JR渋谷駅から程近い、宮益坂交差点角の英会話学校AlexにサラリーマンKの姿がありました。今日は初めての授業の日。47歳にして英会話をモノにしたくて先週、入学金と授業料を払い込んだばかり。体験授業では親子ほどの歳の差のクラスメートに混じってさんざん冷や汗を流したKは、自分の貧しい英会話のレベルに愕然としながらあの恥ずかしいシーンを思い返してやる気が満ちてくるのを感じていました。

ニュージーランド第2の都市、オークランドでIARU、世界アマチュア無線連合の第3地域総会が開かれたときのことです。さようならパーティーでNZART(ニュージーランドのアマチュア無線連盟)の役員とその夫人たちが各国の代表にねぎらいと別れを惜しみました。同じテーブルの夫人が無口なKに声をかけてきました。「あなたは英語が話せますか?」Kは、ほとんどしゃべれないのに「少し・・・」と英語で答えました。

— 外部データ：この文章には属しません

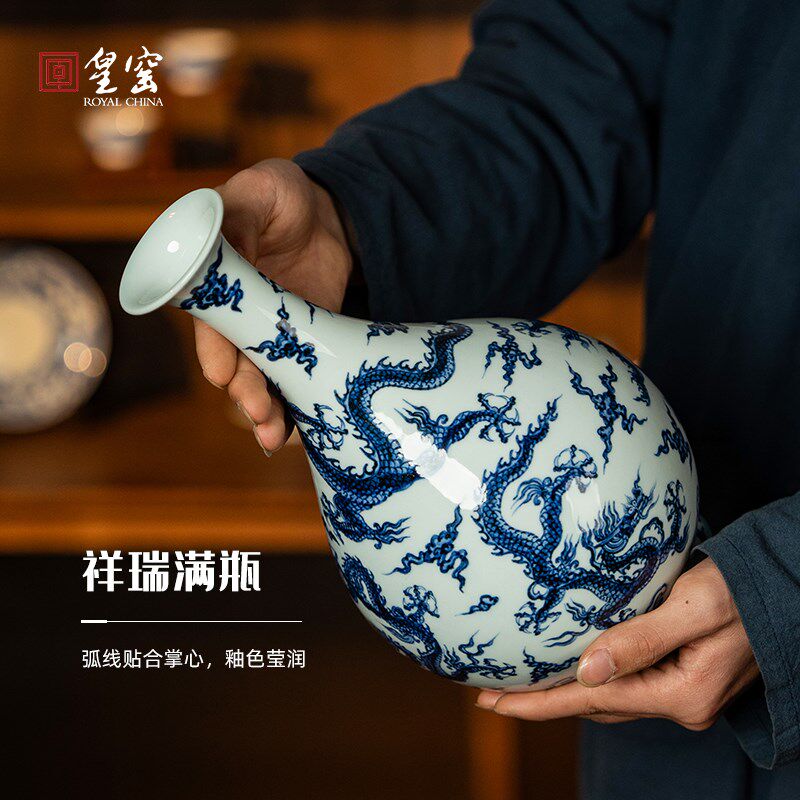 皇窑景德镇陶瓷花瓶青花瓷五龙纹玉壶春中式博古架客厅瓷器摆件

夫人は突然、「おはよう、こんにちは」と笑みを浮かべながら日本語を口にしました。いたわりの心遣いに感謝しながら「ハハ・・・」と力なく愛想笑いを浮かべる自分に怒りがこみ上げ、恥ずかしさで顔が真っ赤になりました。「まるで赤ちゃん並じゃないか」と言葉にならないつぶやきと共に社会的な地位や年齢にふさわしい扱いを受けられない苛立ちがKの居心地の悪さに拍車をかけました。

ゼロからのスタート

海外のWebサイトから目的の商品を探したり、注文ができるのも英語を操れればこその恩恵です。インターネットの未来型コミュニケーションツールの「OdigoやHottelephone」が日本でも英語に強い人たちに使われているのをご存知でしょうか。英会話の達人たちは、文字によるチャットに加えてボイスチャットに着目。早くからマチュア無線の支援ツールとして縦横に使いこなしておられます。こんなにも面白くて有用なソフトが日本のメディアで紹介されない理由の一つに、設定手順が英語を読みながら進める難しさにあると言われています。

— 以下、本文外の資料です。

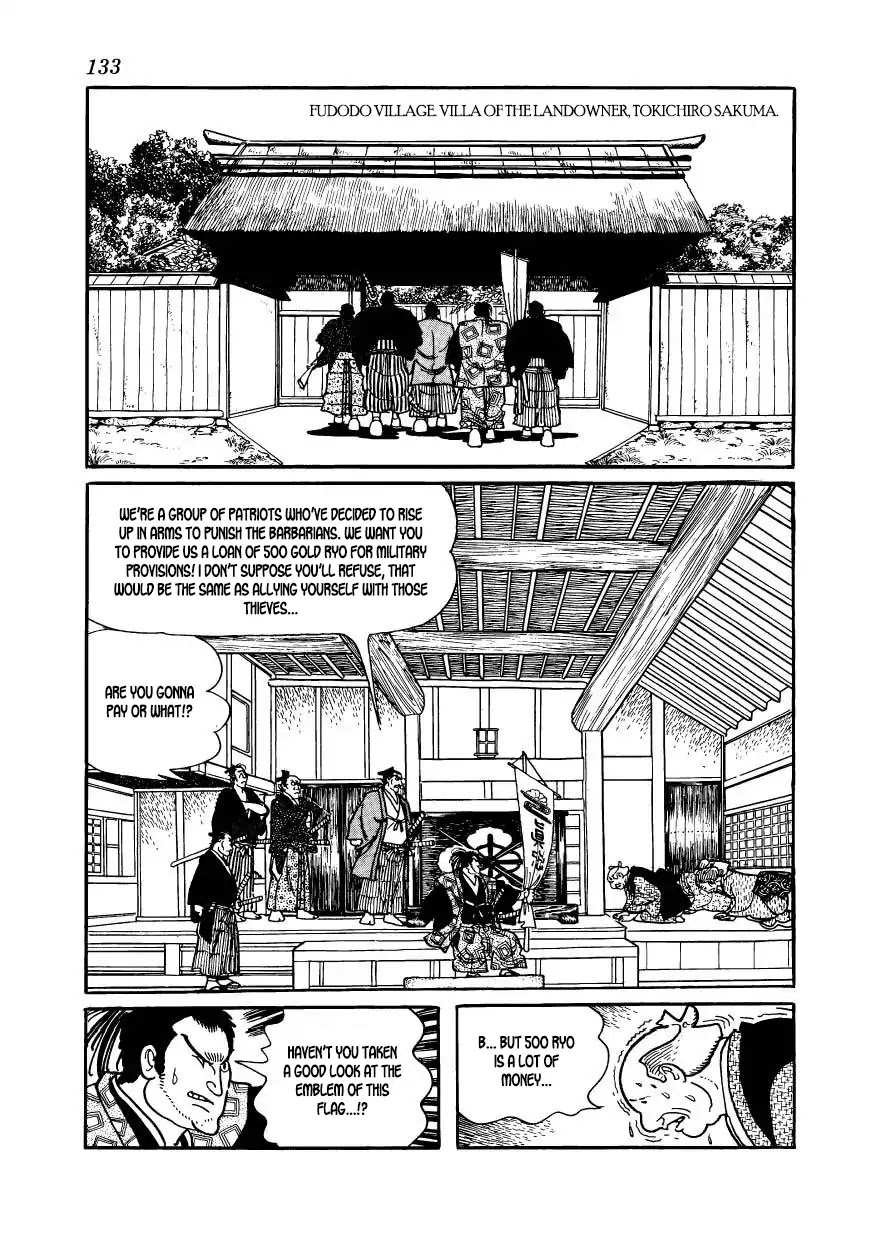 Hidamari no Ki Chapter 54 page 7 - Chapter 54: "The Faithful"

中学と高校の6年、受験戦争を突破して大学の4年、計10年間。せっかく英語を学んでも簡単な会話ができないのはどうしたことでしょうか。先に紹介したKは英会話学校のレベルチェックで月曜から日曜日まで、1月から12月までをきちんと言えなかった恥ずかしいレベルでした。それでも大丈夫、やる気を起こしさえすれば英会話を始めるには、50歳を過ぎてもそれなりの会話ができるようになると、その後のKが証明してくれました。

実践はアマチュア無線で

海外援助活動で知り合った中国やシンガポールの友人たちとHF帯のパケット通信で毎日のように交流しました。BY4AA、BY4ALC、BA4AD、9V1XOの友人たちがいわばKにとっての英語の教師というわけです。タイピングにも次第に慣れて、単語のつづりや構文を覚えるのに役に立ちました。フォーンによるおしゃべりは、はじめ20分くらいが限界なのに、回数を重ねるうちに時間が少しずつ延びて1時間でも平気になりました。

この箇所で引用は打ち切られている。